Question: How do you integrate \[z{\left( {\ln z} \right)^2}dz\] ?...

Question

How do you integrate $z{\left( {\ln z} \right)^2}dz$ ?

Answer 1

Solution

Hint : In order to solve this problem, we need to use integration by parts method. So, we will definitely use a method of substitution. We will first put the value of u as ${\left( {\ln z} \right)^2}$ and then we will proceed. Again, we need to use integration by parts so we will substitute u as $\ln z$ . So, let’s begin.
Formulas used:
$\int {{x^n}dx} = \dfrac{{{x^{n + 1}}}}{{n + 1}} + C$
$\dfrac{d}{{dx}}\ln x = \dfrac{1}{x}$
$\int {udv} = uv - \int {vdu}$

Complete step-by-step answer :
Given that,
integrate $z{\left( {\ln z} \right)^2}dz$
this can be written as
$\int {z{{\left( {\ln z} \right)}^2}dz}$
Now there are two functions in the integration. So we will use integration by parts(IBP) here.
$\int {udv} = uv - \int {vdu}$
Put $u = {\left( {\ln z} \right)^2}$
Then differentiating, $du = 2\left( {\ln z} \right)\dfrac{1}{z}dz$
$dv = zdz$
Taking the integral on both sides,
$v = \dfrac{{{z^2}}}{2}$
Now putting these values in the integral above we get,
$\int {z{{\left( {\ln z} \right)}^2}dz} = {\left( {\ln z} \right)^2}\dfrac{{{z^2}}}{2} - \int {\dfrac{{{z^2}}}{2}} \times 2\left( {\ln z} \right)\dfrac{1}{z}dz$
Cancelling z and 2 from the second integral,
$= {\left( {\ln z} \right)^2}\dfrac{{{z^2}}}{2} - \int z \left( {\ln z} \right)dz$
Now again we have two functions in the second integral so we will use IBP again but this time the substitution will be different.
Put $u = \ln z$
Taking the differentiation, we get $du = \dfrac{1}{z}dz$
$dv = zdz$
Taking the integration, we get $v = \dfrac{{{z^2}}}{2}$
Now putting these values in the integration above we get,
$= {\left( {\ln z} \right)^2}\dfrac{{{z^2}}}{2} - \left[ {\ln z.\dfrac{{{z^2}}}{2} - \int {\dfrac{{{z^2}}}{2} \times \dfrac{1}{z}} dz} \right]$
Again, cancelling z from the second integral,
$= {\left( {\ln z} \right)^2}\dfrac{{{z^2}}}{2} - \left[ {\ln z.\dfrac{{{z^2}}}{2} - \dfrac{1}{2}\int z dz} \right]$
Now taking the simple integral using the formula number 1 mentioned above in the list we get,
$= {\left( {\ln z} \right)^2}\dfrac{{{z^2}}}{2} - \left[ {\ln z.\dfrac{{{z^2}}}{2} - \dfrac{1}{2}\dfrac{{{z^2}}}{2}} \right] + c$
Multiplying the bracket terms by minus sign we get,
$= {\left( {\ln z} \right)^2}\dfrac{{{z^2}}}{2} - \ln z.\dfrac{{{z^2}}}{2} + \dfrac{1}{2}\dfrac{{{z^2}}}{2} + c$
Taking the term $\dfrac{{{z^2}}}{2}$ common we can write the simplified answer as,
$= \dfrac{{{z^2}}}{2}\left[ {{{\left( {\ln z} \right)}^2} - \ln z. + \dfrac{1}{2}} \right] + c$
This is the correct integral of the given problem.
So, the correct answer is “ $\dfrac{{{z^2}}}{2}\left[ {{{\left( {\ln z} \right)}^2} - \ln z. + \dfrac{1}{2}} \right] + c$ ”.

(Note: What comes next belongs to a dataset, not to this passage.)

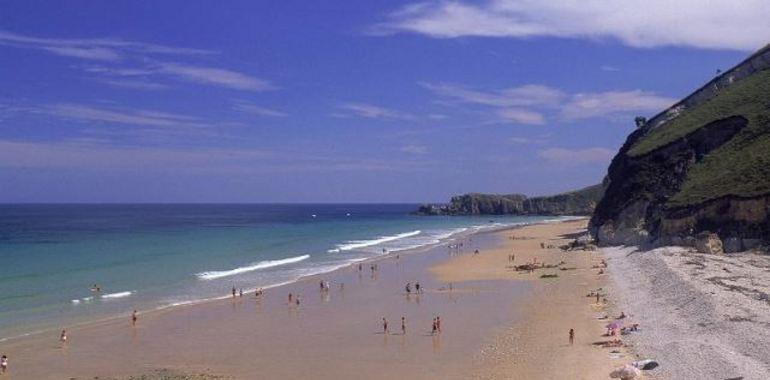 Llanes lleva a #Fitur su mejor oferta y renueva su "Q" de calidad turística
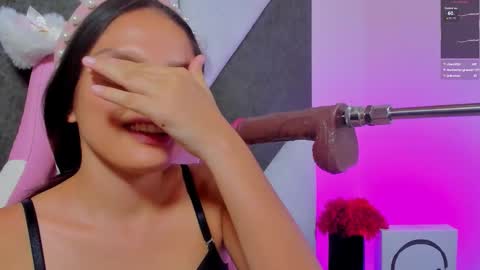 Snapshot of isa_kolins chatting on February 4, 2026, 6:36 pm isa_kolins online show from February 4, 2026, 6:36 pm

Note : Here we observe that there are two functions given in the integral. So definitely we are going to use integration by parts here. The thing that is to be noted is that logarithmic function is raised to a power so when we take integral, we need to take the integral of power and then the function. So don’t forget. Also note that IBP is to be taken one more time because again we observe two functions in one integral.